Im Grunde hat Nikolaj keine Chance, gegen seine Eltern zu rebellieren und einmal so richtig aus der Rolle zu fallen. Denn sein Vater Magnus ist ein überzeugter Hippie, der sich ohnehin allen gesellschaftlichen Regeln widersetzt. Und so wird jeder Versuch einer Grenzüberschreitung von Nikolaj vielmehr gefördert - im schlimmsten Fall durch tatkräftige Unterstützung der Eltern. Eine Wende leitet erst der plötzliche Unfalltod von Nikolajs Mutter ein. Während Magnus in Trauer versinkt, findet sein Sohn in der Punkwelle, die Ende der 1970er-Jahre auch die verschlafene norwegische Provinz erreicht, Orientierung und - nach einigen Exzessen - schließlich sogar neuen Lebensmut.

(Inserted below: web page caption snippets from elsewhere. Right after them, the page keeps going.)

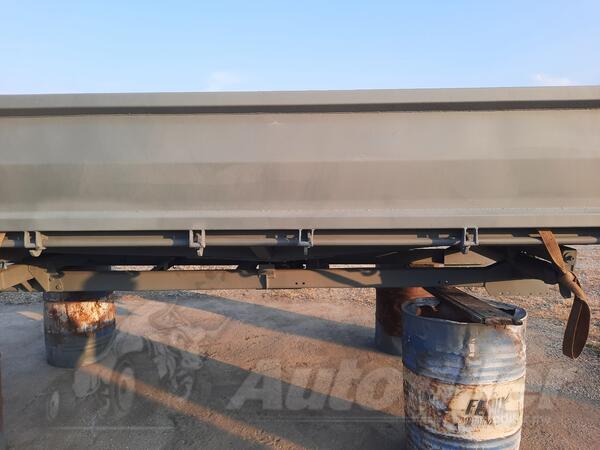 Meiller - Kiper sanduk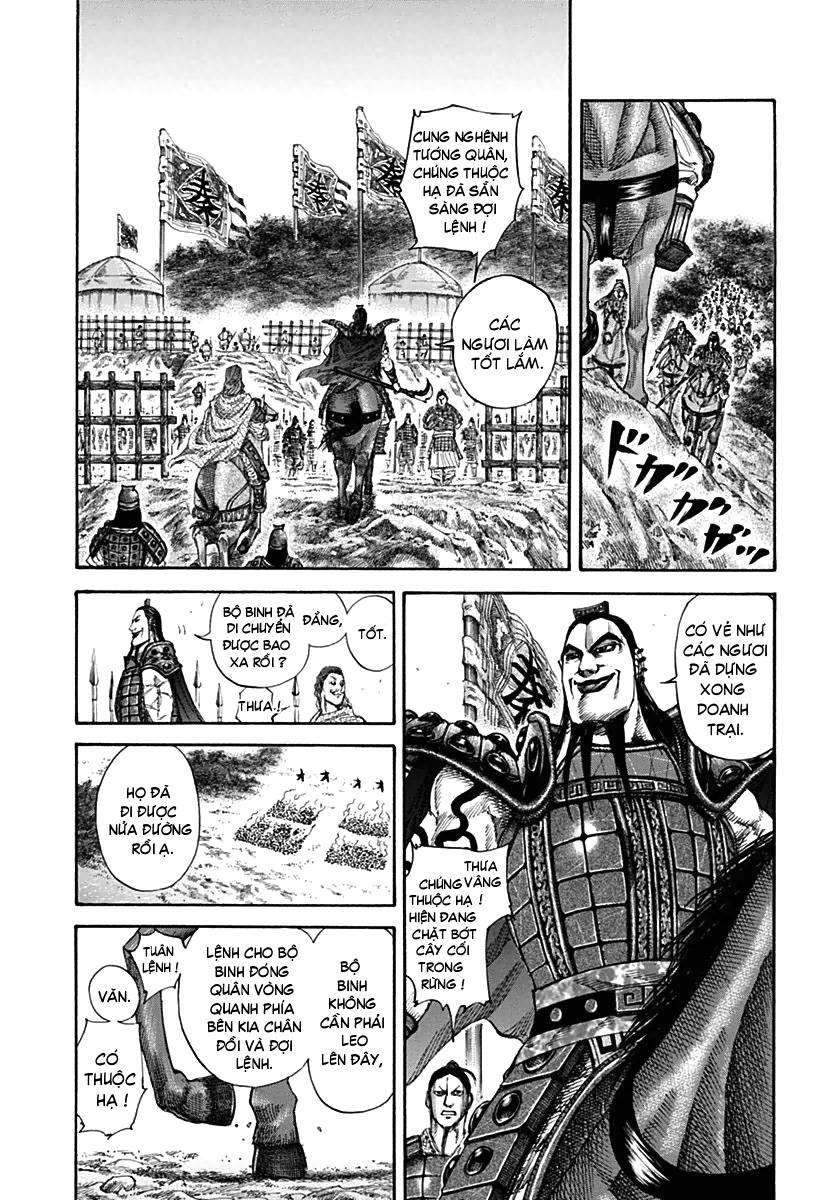 Vương Giả Thiên Hạ Chap 137 - Next Chap 138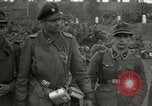 Image Les soldats allemands se rendre à Tangermunde Allemagne Tangermunde, 1945, de la seconde 45 séquences d'archives historiques vidéo 65675077889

Ausgerechnet die laute und destruktive Musik der Sex Pistols, die sich als Leitmotiv durch den Film zieht und durch ihre Wildheit auch den Erzählrhythmus prägt, ist für Nikolaj ein Rettungsanker. Denn während Magnus sein Leben strikt nach seinen Idealen ausrichtet, hebelt die Punkmusik jegliche Werte und Orientierungen geradezu aus, macht diese zunichte und wird damit zum Befreiungsschlag für Nikolaj. Augenzwinkernd vermischt der Regisseur Jens Lien so die persönliche Entwicklung seines Protagonisten mit einer Hommage an eine Musikrichtung und Jugendkultur - und findet in einer schönen Wendung schließlich zu einem versöhnlichen Schlusspunkt.
Mit dem für viele skandinavische Filme typischen skurrilen Humor, einem mitreißenden
Soundtrack und dem fließenden Übergang von Tragik und Komik erzählt
Sons of Norway vom Prozess des Erwachsenwerdens, der hier allerdings nicht durch Verbote, sondern durch überverständnisvolle Eltern erheblich erschwert wird. Damit zeigt der Film - ganz ähnlich wie
Sommer in Orange (Marcus H. Rosenmüller, Deutschland 2011) - ein klassisches Thema des Coming-of-Age-Genres aus einem ungewöhnlichen Blickwinkel. Dadurch regt er zum Nachdenken darüber an, warum die Abgrenzung von seinem Vater für Nikolaj so wichtig ist und warum dessen Ideale ihm kaum Raum zur Entfaltung geben. Gerade die zugespitzten Darstellungen der Hippie- und Punkszene bieten zudem einen guten Ausgangspunkt für eine weitergehende Beschäftigung mit der Geschichte der Jugendkulturen und eine Analyse der Musik in diesen Szenen.